The Heritage Jam ultimately coalesced into a multi-part project, all of which is documented on our website, blog, Twitter and Facebook pages. The goal was for individuals or groups to create some kind of visual output (whose process of creation was also documented in a paradata paper) for upload to our online gallery and for physical display at the University of York. The entries were judged on a series of assessment criteria, and had to attend, in some fashion, to the theme of burial (literal or metaphorical, of humans or non-humans). For in-person contributors, we decided to focus the Jam Day efforts on a particular case study site—the York Cemetery—which was necessary to provide some focus to what was an otherwise vague directive (i.e., “work with an assigned group to make new interpretative materials”).
And our team created a series of multi-media resources to support understanding of that site, including videos, photos and compilations of archival records.
By my reckoning, the day was a success, attested to not only by the phenomenal outputs submitted by an incredible range of contributors, but also by the feedback we’ve received from those involved and those who’ve viewed the gallery, some of whom have documented the constructiveness of the approach & its outputs on their personal blogs & Day of Archaeology posts (see links below). Coupled with a specific social media use/evaluation plan that we’ve designed for the Jam, we’re analysing experiences and engagement with the project for a larger report that we’ll file at the end of the month. But the superficial numbers (which will soon be blended with qualitative data to provide a rich, contextualised understanding of participation) indicate that we had 92 registrants from most continents of the world, 17 official entries submitted by 37 contributors, 249 Twitter followers & 161 tweets, and 474 Facebook followers from more than 40 countries, speaking more than 30 languages, with a total reach of posts to over 6600 people. Given that we only launched the project in May, we’re pleased with the visibility it’s received—but more so with the quality of the entries, which are truly fantastic.
You only need to browse the entries in the gallery to see the remarkable talent that infuses the tiny proportion of the heritage sector that registered for the Jam. This is important, because there is ample evidence that creative experts working in the heritage sector are undervalued, underpaid, underestimated and often undermined. Part of the intent of the Jam was to expose the depth and breadth of expertise amongst the professional community, and the possibilities that come with actually investing in such expertise. My colleague Anthony has worked to summarise each contribution, and others have gone further, with the brilliant Archaeogaming blog (a forum for exploring video games as they intersect with archaeology) reviewing in detail the winner of the Remote Team Heritage Jam category – Tara Copplestone and Luke Botham’s Buried: An Ergodic Literature Game. Buried (created with the open-source, nonlinear, interactive storytelling tool Twine) is ingenious, thoughtful, fun and sensitive, and I encourage everyone to give it a try. As Archaeogaming’s Andrew Reinhard writes, “Buried is both a game and not a game. It is a playable book, and one with exceptional replay value.

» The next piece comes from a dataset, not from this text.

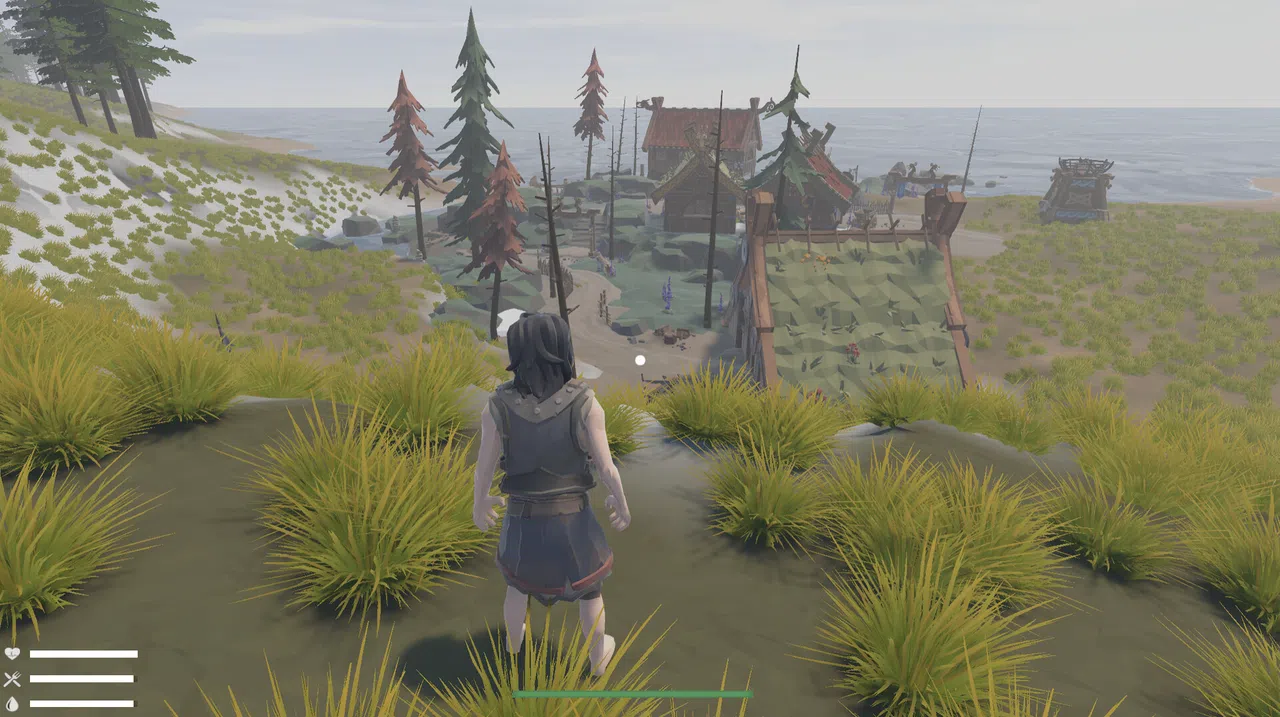 Ashes of Midgard Screenshot 4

Archaeologists and archaeology are both portrayed realistically, and at the same time are neither boring nor sterile, proof that archaeology can stand on its own without resorting to gimmicks or stereotypes…Buried is playful, but also provides plenty to discuss regarding what is a game, and how our personal experiences are brought to bear on choices made within this kind of media, and on this story specifically.”
Equally astounding is the winning entry for the In-Person Group Heritage Jam category: Stuart Eve, Kerrie Hoffman, Colleen Morgan, Alexis Pantos and Sam Kinchin-Smith’s Voices Recognition. As Morgan summarises it on her and Eve’s joint Day of Archaeology post about the work, it was an effort “to create a cacophony in a cemetery — geolocated stories emanating from graves that would increase in intensity with the density of burials in different areas.” In true collaborative fashion, it drew upon previous experimental efforts by the great Shawn Graham in partnership with Eve, which Graham describes in evocative fashion: “I want to develop an app that makes it difficult to move through…historically ‘thick’ places…with a lot of noise when you are in a place that is historically dense with information. I want to ‘visualize’ history, but not bother with the usual ‘augmented reality’ malarky where we hold up a screen in front of our face. I want to hear the thickness, the discords, of history. I want to be arrested by the noise, and to stop still in my tracks, be forced to take my headphones off, and to really pay attention to my surroundings.”

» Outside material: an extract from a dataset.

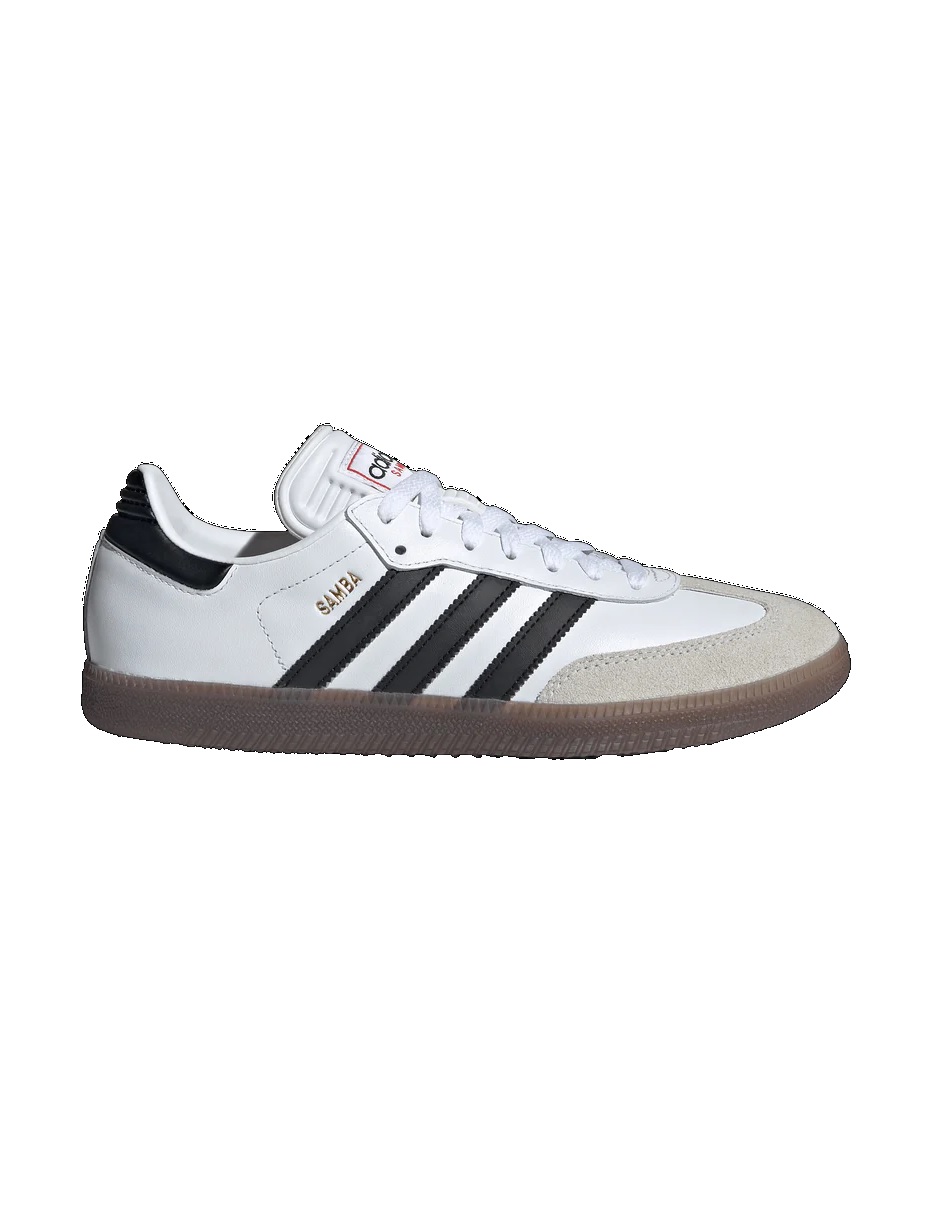 Tenis Adidas Samba Unisex Original IH6001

This is exactly what Voices Recognition achieves in its prototype form, put together after a 30 minute trip to the York Cemetery and about 10 hours of intensive group work in a classroom at the university.

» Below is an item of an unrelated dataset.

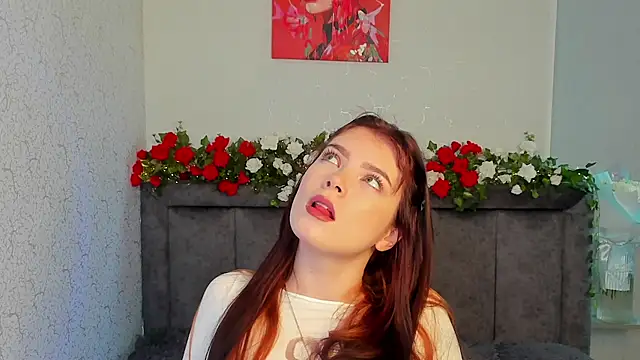 Snapshot of MelissaMay__ chatting on 06.20.26 MelissaMay online show from 06.20.26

I have to admit that when the group presented their output at the end of the day, I was truly awestruck, so much so that it rendered me quite emotional. For it was a glimpse into what great things can be accomplished when you’re able to nurture the right context: an incredible idea (tested out previously with Graham) comes together with an incredible team of people (some of whom were strangers to one another), all converging here into something with a real and profound power to resonate. As I said to Morgan after the event, it was inspirational – and it really was; it made you want to learn how to do such work; it made you want to use the app; it made you want to join their team, and create with them, and be energised and motivated by their ideas, and to experience the cemetery through this lens that they invented right there, in the moment, on the Day of Archaeology.
These entries are just two of 17 that deserve your attention and perusal, so please browse through the gallery, and add your comments to the site or to our Twitter or Facebook feeds. There are contributions from around the world, articulated via a plethora of media, submitted by both new and established practitioners.
I won’t pretend that all the comments we got about the Jam were positive (although the vast majority were), nor that there’s no room for improvement. It was a massive amount of work; it depended on a team of 11 organisers; it required openness to creating things quickly, which means making mistakes and wrestling with practicalities and exposing one’s process, and hence one’s potential vulnerabilities and weaknesses; it demanded doing just as must as intellectualising, which can be problematic given how theoretical much extant ‘archaeological representation’ discourse is; and the in-person event hinged upon teamwork, which as any educator will tell you, can go horribly wrong—but, in the best cases, can equally blow you away in admiration.
In our effort to provide some definition to the exercise of heritage jamming, we did consciously choose to focus on a particular site – the York Cemetery – and this caused some concern around why we were privileging that environment. But archaeology has these tangible dimensions to it, and as much as we wanted to leave the Jam brief entirely open, we also wanted to create a project that knitted the material and the immaterial, the online and the offline, the tangible and the intangible, the process of abstract thinking with the real-world, concrete act of making.
To have eliminated the cemetery would have returned the event to the intellectual exercise that the subject of ‘visualisation in archaeology’ has long been. Moreover, to have deprived Jammers of the opportunity to visit the cemetery would have meant depriving them of a series of experiences—from the reflectivity that’s encouraged through walking, to the camaraderie and knowledge that are built through shared embodied engagements with a physical landscape. In her blog post about the Jam, Holly Wright of the Archaeology Data Service, speaks about of the nature of the cemetery, a breathtaking and deeply reverberating space which is barely known in the York community (despite the fact that it houses the history of much of that community). There is value cultivated for heritage spaces through both our analogue and digital—and our physical and intellectual—engagements with them. The cemetery provided us with a site to experiment with the weaving together of it all.
I’m proud of what we achieved through the Heritage Jam and I would encourage others to consider this format for their own work, particularly if you’re directing the outputs into larger, targeted, useable resources. The fleeting composition of the Jam belies a venture with a longevity to it that extends beyond the Day of Archaeology, so I hope you’ll keep your eyes on the project to see how it develops from here.